1.2. Клиника и диагностика плесневого онихомикоза.
1.3. Методы лечения плесневого онихомикоза.
1.4. Средства и методы дезинфекции при онихомикозе.
ГЛАВА 2. МАТЕРИАЛЫ И МЕТОДЫ ИССЛЕДОВАНИЙ
3.1. Частота встречаемости плесневого онихомикоза.
3.2. Клинические особенности и диагностика плесневого онихомикоза.
3.3. Результаты изучения in vitro кератинолитической активности плесневых грибов.
3.4. Результаты изучения in vitro чувствительности плесневых грибов к системным антимикотикам.
3.5. Оценка эффективности терапии плесневого онихомикоза.
3.6. Результаты изучения in vitro фунгицидной активности и разработка режимов применения новых отечественных дезинфектантов.
Введение диссертации по теме «Кожные и венерические болезни», Кожичкина, Наталья Владимировна, автореферат
Следует отметить, что указывая процент выделения плесневых грибов авторы не пишут на основании каких критериев был поставлен диагноз плесневого онихомикоза. Поэтому актуальным является изучение частоты встречаемости больных с плесневым онихомикозом и видовой состав возбудителя.

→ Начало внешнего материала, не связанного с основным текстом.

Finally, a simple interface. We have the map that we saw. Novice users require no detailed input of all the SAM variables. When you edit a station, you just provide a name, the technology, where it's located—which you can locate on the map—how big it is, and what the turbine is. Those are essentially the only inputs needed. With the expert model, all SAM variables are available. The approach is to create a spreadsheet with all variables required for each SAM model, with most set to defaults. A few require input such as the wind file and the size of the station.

До настоящего времени при плесневом онихомикозе недостаточно изучены клинические особенности заболевания, не разработан алгоритм диагностики.
Данные литературы по лечению больных плесневым онихомикозом разноречивы. Как правило, проводится антимикотическое лечение по общепринятым схемам для онихомикоза, обусловленного дерматомицетами. Однако при плесневом онихомикозе чаще поражена одна ногтевая пластина, поражение поверхностное, поэтому этим больным при назначении системного антимикотика курсовая доза препарата должна быть снижена, что может быть достигнуто при использовании прерывистых схем лечения.

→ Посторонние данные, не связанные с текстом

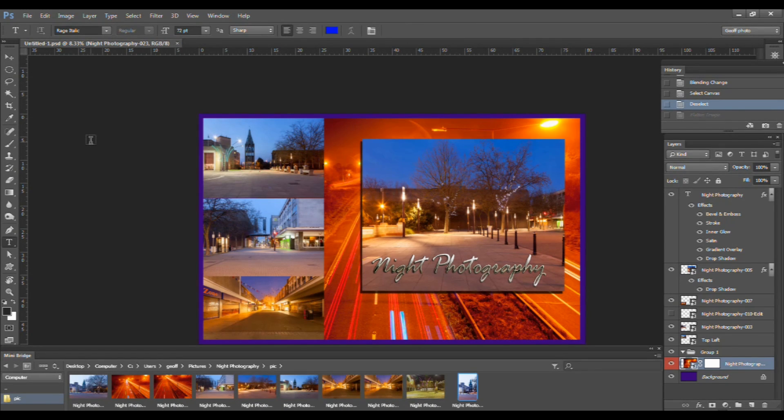That concludes our look at the Layers panel. As you can see there are lots of options and adjustments you can make in this panel — it's one of the most useful features of Photoshop. I hope you found that tutorial useful. Please go to our website gc2photoclub.com for more videos and information. I'm Geoff Cable from GC2 Photo Club, hope to see you again soon.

До настоящего времени арсенал дезинфицирующих средств дезинфекции обуви больных микозами стоп крайне ограничен. До сих пор для этих целей применяют 25% раствор формалина, 40% раствор уксусной кислоты и 1% раствор хлоргексидина биглюконата, имеющие ряд недостатков (Федорова JI.C., Лещенко В.М. и др., 1991, Шандала М.Г., 1994). Кроме того, режимы применения данных дезинфицирующих средств были разработаны только с использованием в качестве тест-микроорганизмов Trichophyton gypseum или Trichophyton rubrum. Учитывая увеличение в этиологии микозов удельного веса дрожжевых и плесневых грибов необходимо было изучить сравнительную устойчивость всех возбудителей онихомикоза к воздействию растворов новых ДС.
Для дезинфекции обуви с целью профилактики онихомикоза наиболее перспективными являются средства на основе катионных поверхностно-активных веществ (КПАВ), к которым относятся композиционные препараты «Самаровка», «Дезофран», «Дижизант», «Гледалем», «Альфадез форте» и др., обладающие широким спектром действия, безопасностью для здоровья персонала, пациентов и окружающей среды (Федорова Л.С., 2002 и 2003).
Изыскание новых дезинфицирующих средств, разработка режима их применения для дезинфекции обуви является актуальной проблемой, учитывая высокую заболеваемость микоза стоп и увеличение среди них больных с плесневым онихомикозом.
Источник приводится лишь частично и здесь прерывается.